China's Gig Economy: Secret Weapon in the Trade War
As China grapples with the severe economic impact of 145% US tariffs, its vast gig economy has emerged as a crucial economic stabilizer. With an estimated 84 million people working in "new forms of employment" and a broader 200 million "flexible workers," the sector provides vital employment alternatives as manufacturing job losses mount. Goldman Sachs estimates 16 million workers are involved in production for US exports, with potential job losses ranging from 5.7 million in the near term to 15.8 million long-term. China's Communist Party has pivoted from previously viewing the gig economy with suspicion to actively embracing it as an employment cushion.
Platforms like Meituan, whose 7.5 million couriers earned $11 billion last year, are expanding rapidly despite economic headwinds. A fierce competition for market share between rivals JD.com and Meituan has intensified hiring, with JD.com pledging to employ 100,000 new riders by July. The government is simultaneously pushing these companies to create a shadow welfare system for gig workers, though questions remain about who ultimately pays for these benefits and whether the business model can sustain such costs.
Scenarios (GCHQ)
Gig Economy as Temporary Buffer: Likely (55-75%)

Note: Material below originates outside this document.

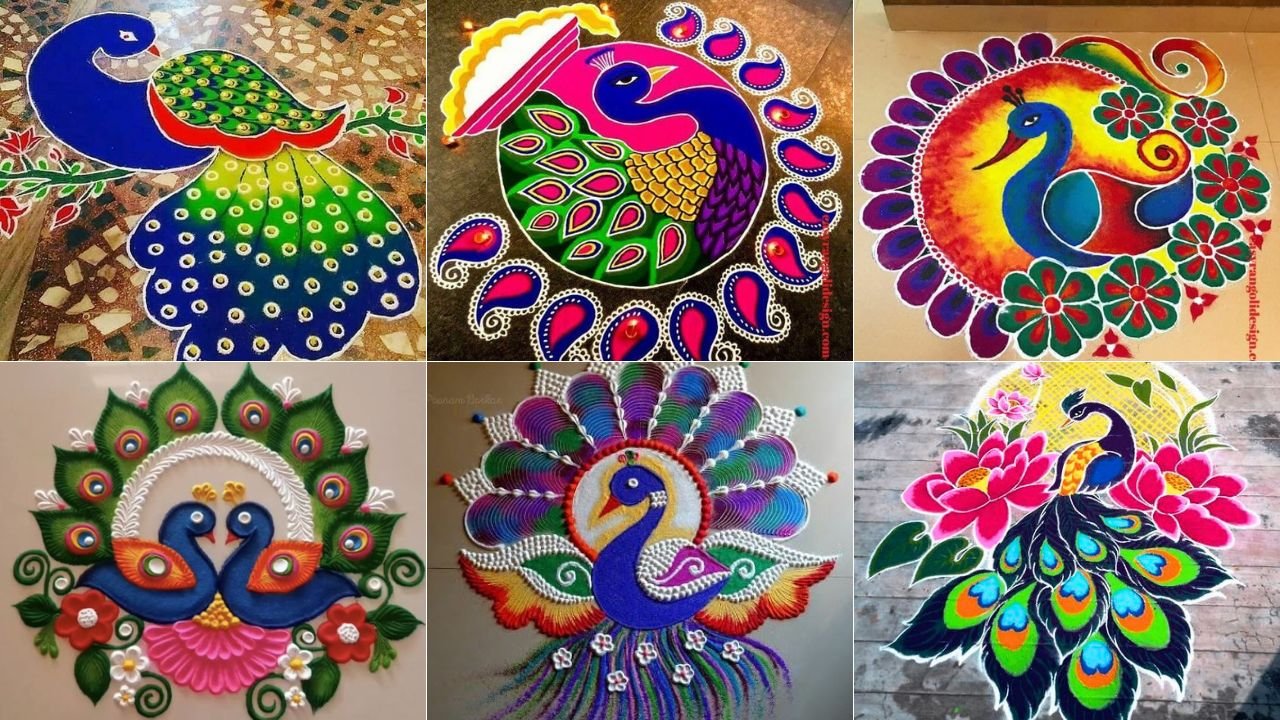 50+ Beautiful Peacock Rangoli Designs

Over the next 6-12 months, China's gig economy will successfully absorb several million workers displaced by tariffs, providing critical short-term relief and buying time for more comprehensive economic adjustments. Growth will continue in food and package delivery services despite platform profitability concerns. Key indicators supporting this scenario include JD.com's 100,000 rider hiring commitment, the 41% growth in Meituan's workforce since 2021, and continued government backing. However, the absorption capacity will prove temporary rather than structural, as domestic consumption weakness and platform financial pressures eventually limit expansion.
Welfare Experiment Collapse: Realistic Possibility (45-55%)
The attempt to create a platform-based welfare system for gig workers will face significant implementation challenges within 12 months, with either worker benefits being dramatically scaled back or causing severe financial strain on platforms. The ambitious social insurance programs announced by major platforms will prove economically unsustainable against the backdrop of price wars and thin margins. Both drivers and platforms will resist full implementation of cost-sharing arrangements, leading to partial reforms that satisfy neither side. This balanced probability reflects competing pressures: government determination to expand social protections versus economic constraints on both workers and platforms.
Export-to-Domestic Transition Failure: Realistic Possibility (45-55%)
Efforts to redirect export-focused businesses toward domestic consumption will achieve limited success over the next year, with fewer than 5% of export-oriented manufacturers successfully pivoting to local markets. Despite JD.com's 200 billion yuan fund and other support initiatives, fundamental challenges will persist—including low domestic margins, lack of retail expertise among manufacturers, and continued weak consumer confidence. Recent evidence suggests exporters are skeptical of such transitions, with one factory owner noting the domestic market is "extremely price sensitive, with high promotion costs and frequent returns." The balanced probability reflects strong government backing for the transition weighed against persistent structural economic obstacles.